Turkish Journal of Medical Sciences, vol.51, no.4, pp.1932-1939, 2021 (Journal Indexed in SCI Expanded) identifier identifier identifier

  • Publication Type: Article / Article
  • Volume: 51 Issue: 4
  • Publication Date: 2021
  • Doi Number: 10.3906/sag-2011-145
  • Title of Journal : Turkish Journal of Medical Sciences
  • Page Numbers: pp.1932-1939
  • Keywords: Clavicle, growth and development, fetal macrosomia, shoulder dystocia, parturition, 3RD TRIMESTER, WEIGHT, MANAGEMENT, MCROBERTS, FETUSES, GROWTH

Abstract

© TÜBİTAK.Background/aim: This study aimed to evaluate the relationship between second-and third-trimester clavicle lengths and birth weight and shoulder dystocia.

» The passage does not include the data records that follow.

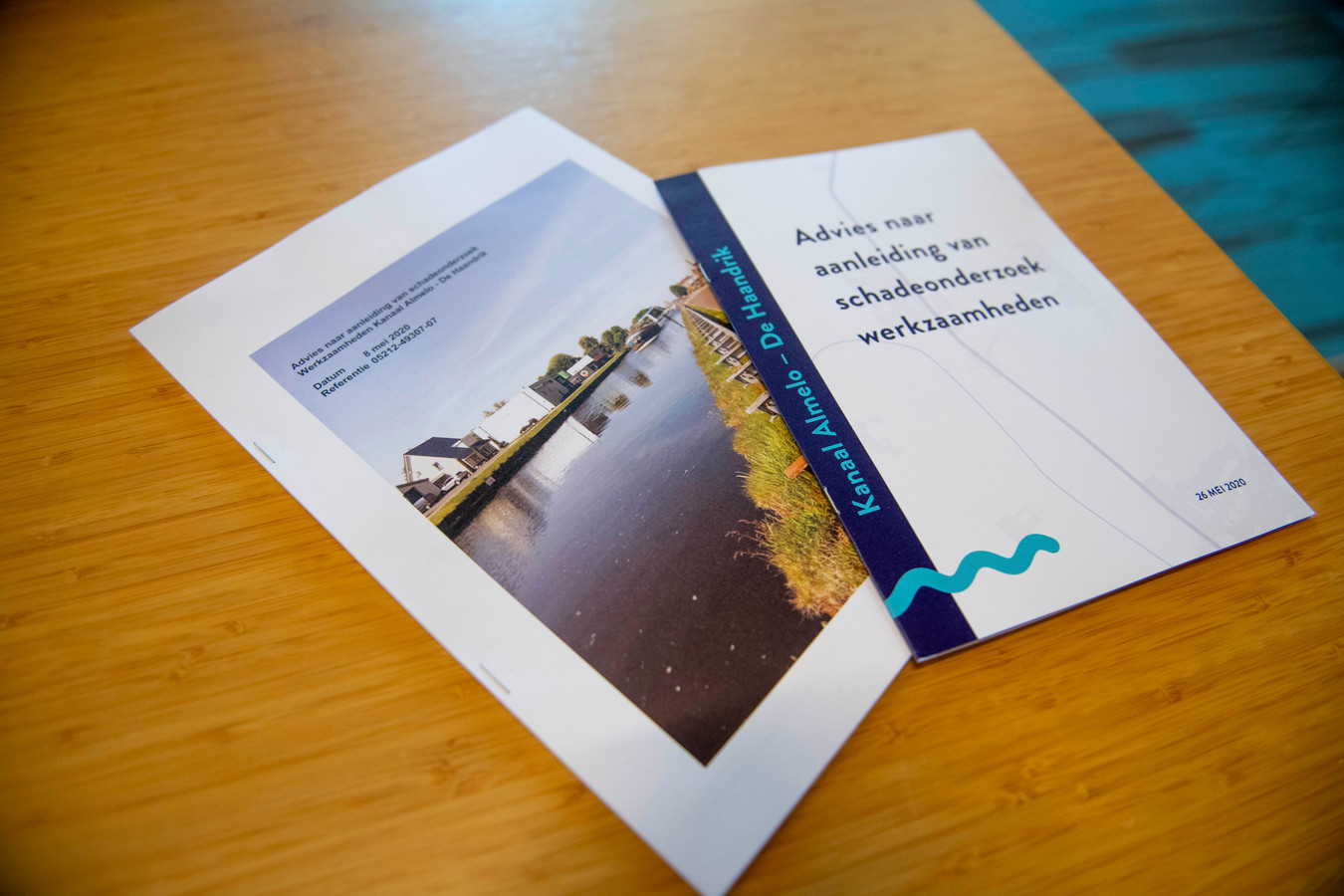 De provincie Overijssel heeft twee onderzoeken laten doen naar de oorzaak van de schade. Die kostten samen 3,3 miljoen euro.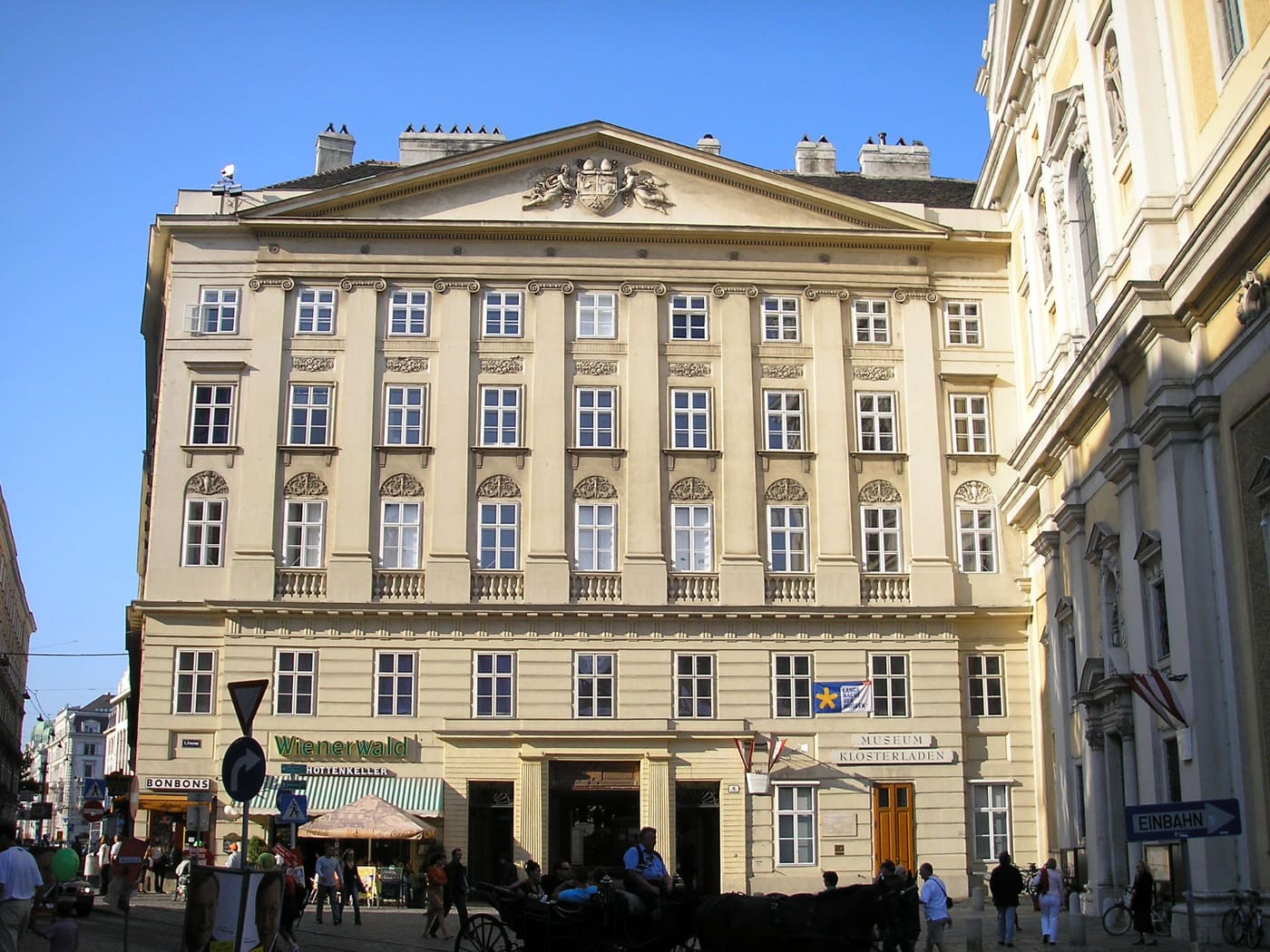 Museum im Schottenstift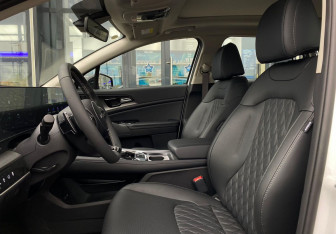 Новый Kia Sportage 2025 (16 фото)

Materials and methods: This prospective observational study included 181 patients who presented to the Private Etlik Lokman Hekim Hospital for routine pregnancy visits between March 2019 and March 2020. In addition to routine pregnancy examinations, the patients also underwent ultrasonography twice at weeks 20–23 and 33–36 to determine the length of the fetal clavicle. The patients were evaluated for shoulder dystocia in the second stage of labor. The birth weight of the neonates was recorded. The primary objective of this study was to establish the relationship between third-trimester clavicle length and shoulder dystocia. Results: Fetal clavicle length increases in the second trimester with the advancing gestational week but does not significantly change in the third trimester. We did not observe any significant difference for second trimester clavicle length between the type of delivery, birth weight, or shoulder dystocia. Moreover, we did not observe any significant difference for third trimester clavicle length between types of delivery. However, we found a significant relationship between third trimester clavicle length and birth weight and shoulder dystocia. The median third-trimester clavicle length was 39.5 mm (range: 30.7–43.9) in neonates who did not develop shoulder dystocia and 42.5 mm (range: 41.4–43.1) in the 3 neonates who developed shoulder dystocia. The third-trimester clavicle length cut-off for shoulder dystocia was calculated as 41.35 mm (sensitivity: 100.00%, specificity: 83.82%, accuracy: 84.5%). The third-trimester clavicle length cut-off for macrosomia (defined as birth weight of ≥4100 g) was 40.75 mm (sensitivity: 87.50%, specificity: 77.56%, accuracy: 78.05%). Conclusion: Third-trimester fetal clavicle length, an important component of biacromial diameter, as measured by ultrasonography, is a practical and significant method for predicting macrosomia and shoulder dystocia.